Die brasilianische Regierung hat verfügt, dass Empfänger der Soziaslprogramme „Bolsa Família“ und „Beneficio de Prestación Continuada“ (BPC) nicht auf Sportwettenplattformen spielen dürfen. Die Maßnahme soll verhindern, dass öffentliche Mittel zur Bekämpfung der Armut in die Hände von Glücksspielanbietern gelangen. Das am Mittwoch (1.) unterzeichnete Dekret entspricht einer Anweisung des Obersten Bundesgerichts (STF) und des Rechnungshofs der Union, die auf die massive Verwendung von Sozialhilfen für Online-Wetten hingewiesen hatten. Präsident Luiz Inácio Lula da Silva hatte bereits 2024 gewarnt, dass der Boom des Online-Glücksspiels unter den am stärksten benachteiligten Bevölkerungsgruppen „eine Krankheit” sei.
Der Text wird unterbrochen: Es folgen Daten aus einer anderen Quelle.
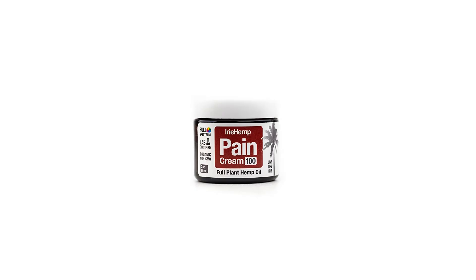Eerie Hemp's Pain Cream includes the world's finest sustainably grown, full-spectrum hemp oil, gently infused with the purest ingredients.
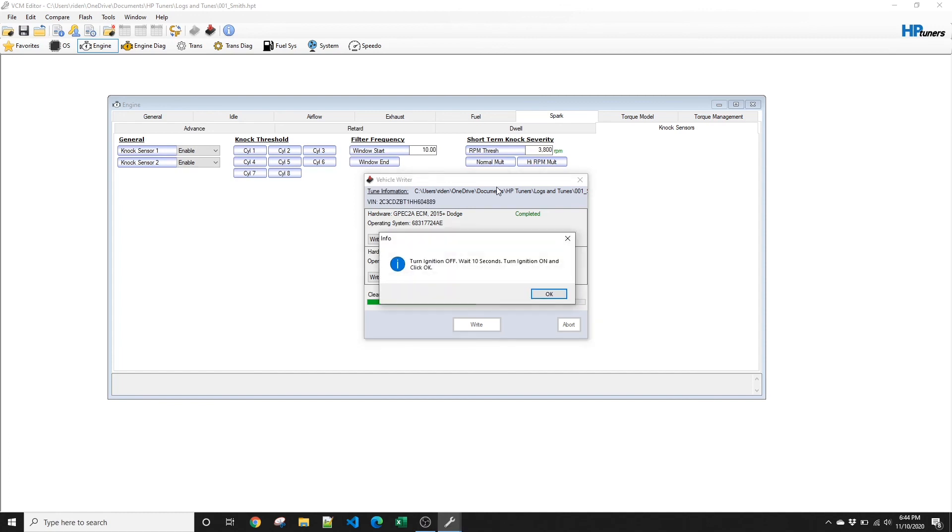After the TCM write, we'll also have to cycle the ignition for 5 or 10 seconds. It doesn't have to be exact, just close — and that's it. The new tune will be written into the vehicle.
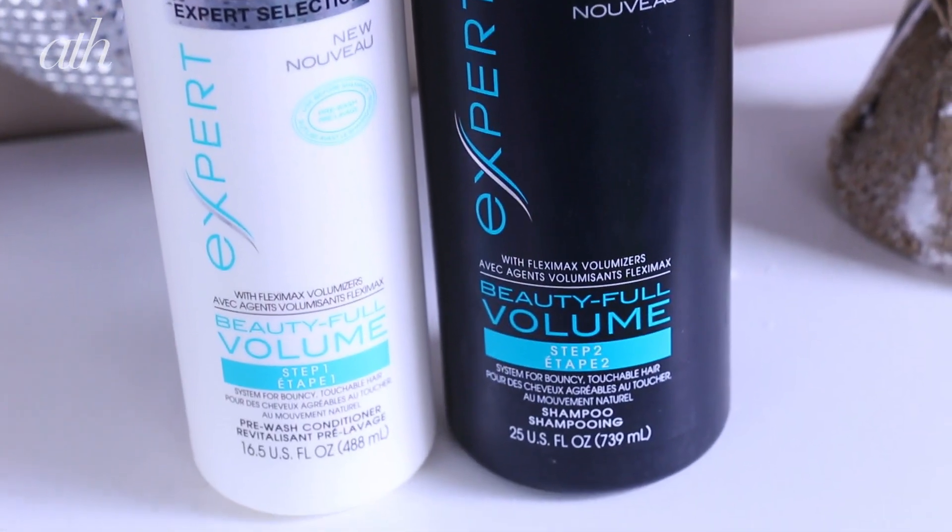This is a brand new line that they just came out with that I've been testing out for a couple of months now. Where you start with the conditioner and then you finish with the shampoo. I know.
Ein wachsendes Problem mit millionenschweren Auswirkungen
Laut einem Bericht der Zentralbank tätigen etwa 5 Millionen Begünstigte des Bolsa Família-Programms – von insgesamt 19 Millionen Familien – jeden Monat Wetten. Im August 2024 beliefen sich die Ausgaben auf 3 Milliarden Reais (560 Millionen Dollar). Die Berechnung zeigt, dass die tatsächlich verlorenen Nettobeträge – abzüglich der Gewinne – in einem einzigen Monat bei rund 2,9 Milliarden Reais lagen. Die Ausgaben armer Familien für Glücksspiele übersteigen damit die staatlichen Ausgaben für mehrere kleinere Sozialprogramme.
Sperrung per CPF: der Kontrollmechanismus
Die Regierung hat sich dafür entschieden, den Zugang zu den Plattformen durch die Sperrung der CPF, der Steueridentifikationsnummer der Begünstigten, zu verhindern. Auf diese Weise können sie keine Konten eröffnen oder Einzahlungen auf autorisierten Websites vornehmen. Die Betreiber müssen in Echtzeit eine zentralisierte Datenbank abfragen, die vom Bundesdienst für Datenverarbeitung (Serpro) verwaltet wird. Das System wird mit einer einmonatigen Anpassungsphase in Betrieb genommen und ist ab Dezember verbindlich. Die Sperre unterscheidet nicht zwischen Subventionsgeldern und anderen Einkünften, was Kritik wegen möglicher Missbräuche hervorruft.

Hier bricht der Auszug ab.